Antes de entrar en Barcelona, todavía me crucé con tres o cuatro paneles luminosos encendidos y tuve entonces la ocasión de leer el mensaje que, unos kilómetros antes, había estado a punto de acabar conmigo. Juzguen ustedes mismos: "Des de gener, 100 morts. No t'hi volem. Recorda-ho: volem que tornis".
En general, uno espera que los avisos tengan una funcionalidad objetiva: informar al conductor sobre una posible retención, unas obras, unas circunstancias meteorológicas extraordinarias, una manifestación inoportuna. En casos así, se agradece cualquier noticia que contribuya a prevenir. Pero ¿qué sentido tenía aquel mensaje? Asustar a los conductores en caso de encenderse repentinamente y, desde un punto de vista más filosófico, sermonearnos con la insufrible retórica que, dos días más tarde, desplegó el intimidatorio trío de mesías circulatorios formado por Pere Navarro, Rafael Olmos y Montserrat Tura. Esta estadística macabra no tiene ningún sentido y ese uso de la primera persona del plural es, además de absurdo, de mal gusto. "No t'hi volem", dicen, y uno se pregunta a qué lugar se refieren. "Volem que tornis", insisten, y uno siente su intimidad invadida y empieza a imaginar una multitudinaria recepción de bienvenida con burócratas y expertos en tráfico felicitándote por no estar muerto. Este estúpido mensaje es, pues, un elemento de distracción totalmente innecesario. Luego, una vez cerrados los plazos oficiales, empiezan la contabilidad y los análisis, pero la mala leche ya no te la quita nadie.

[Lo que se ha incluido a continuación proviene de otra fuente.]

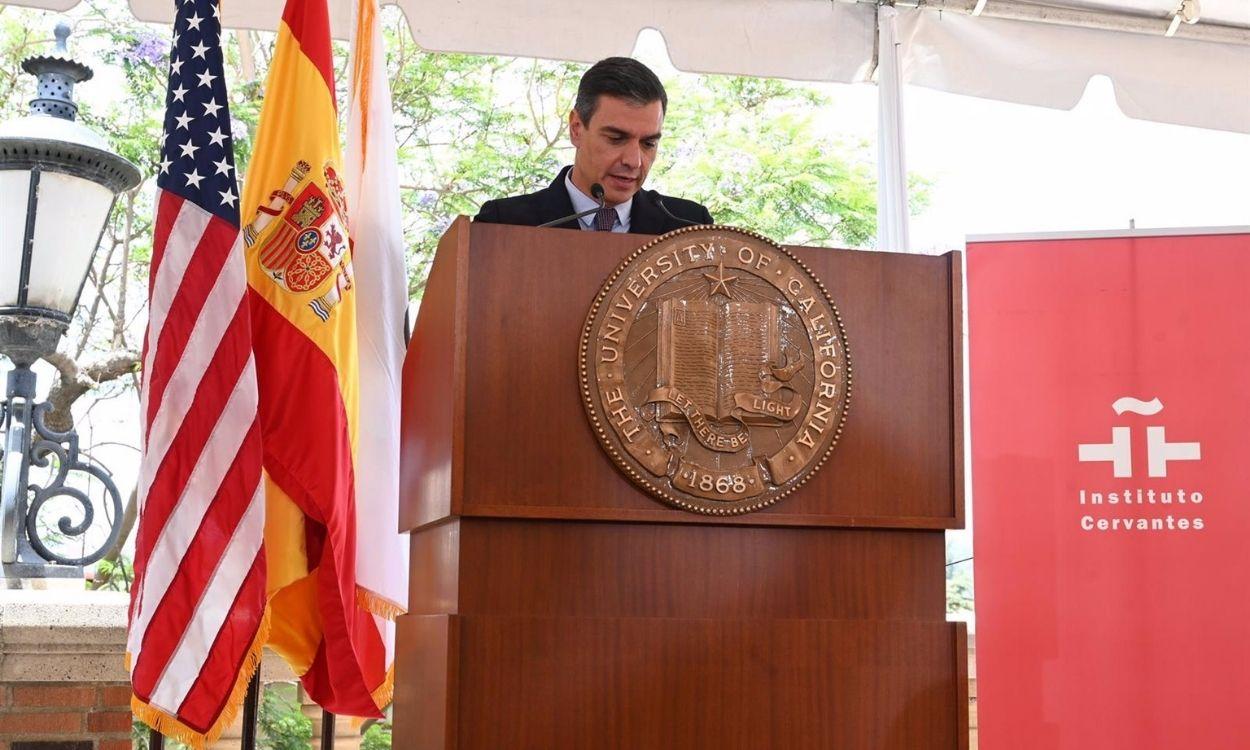 El presidente del Gobierno, Pedro Sánchez, en la Universidad de California en Los Ángeles (UCLA). Europa Press.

A veces da la impresión de que las autoridades sienten una extraña fascinación al comprobar que las cifras de accidentes coinciden con sus previsiones. Otras veces, en cambio, aciertan en sus análisis y nos ofrecen cifras pedagógicas y sin carga moral, como las que confirman que casi la mitad de los fallecidos no llevaban cinturón de seguridad. Luego está lo imprevisible: choques con cinco muertos, un camionero ebrio detenido, conductores que se lanzan en dirección contraria y que acaban causando una doble colisión. A todo eso, el trato que el conductor atento y consciente recibe de las autoridades suena a riña permanente. Los que cumplen con el escalonado y las normas de tráfico tienen que vérselas con señalizaciones de manicomio (reducciones imposibles de respetar sin provocar una colisión múltiple, bandas reductoras diseñadas para destrozar los amortiguadores), pensadas para gente que ya conoce perfectamente el terreno y no para los que deberían seguirlas para orientarse. Y si, al llegar a casa, se te ocurre encender la tele o poner la radio, puedes tropezarte con mensajes como el de la consejera Tura, que afirmó que Cataluña "tiene mejores indicadores de tráfico". Mejores que España, por supuesto, porque incluso en eso es necesario insistir en la comparación. El esfuerzo colectivo, que se traduce en medios y medidas, ha calado en los conductores mucho más de lo que se dice y también gracias al trabajo de las diferentes direcciones generales. Pero si un padre permite que su hijo conduzca sin carnet o vacile con una moto de juguete por una autovía más que transitada, los que merecen la riña, la multa, la prisión preventiva o un pasaporte al infierno son ellos, no los que, escalonadamente, tenemos que soportar veleidades totalitarias como ese mensaje inútil y, además, peligroso.